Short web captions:
::::::

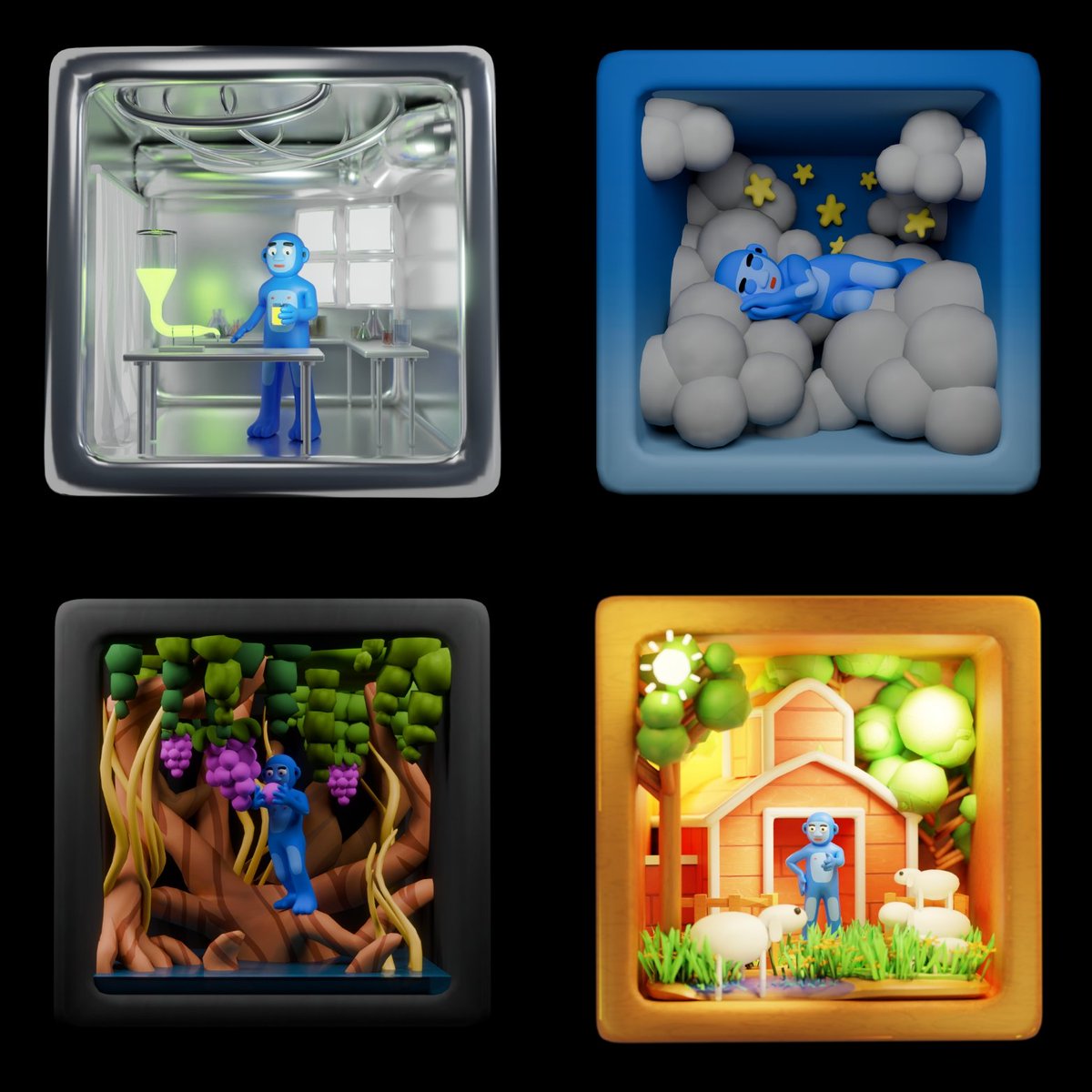 kmech.eth tweet media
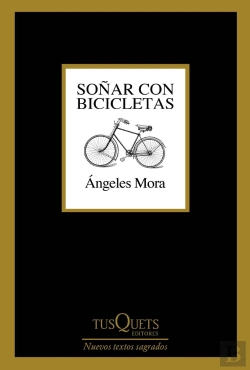 Bertrand.pt - Soñar Con Bicicletas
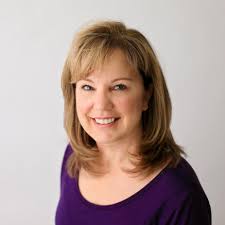 Chereyl Ann Nunn NMLS #450773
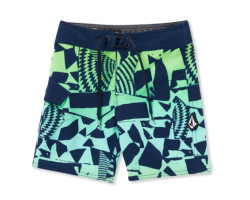 Uproar Mod boardshorts 2-7...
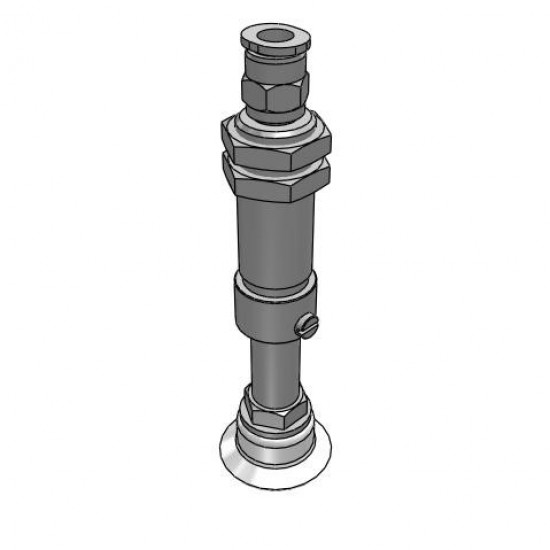 VPC25-20RS6J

::::::

> WHAT THE EXERCISE ASKS:
Go through the entries above and output them exactly, without pictures.

> ANSWER TO THE EXERCISE:
 kmech.eth tweet media
 Bertrand.pt - Soñar Con Bicicletas
 Chereyl Ann Nunn NMLS #450773
 Uproar Mod boardshorts 2-7...
 VPC25-20RS6J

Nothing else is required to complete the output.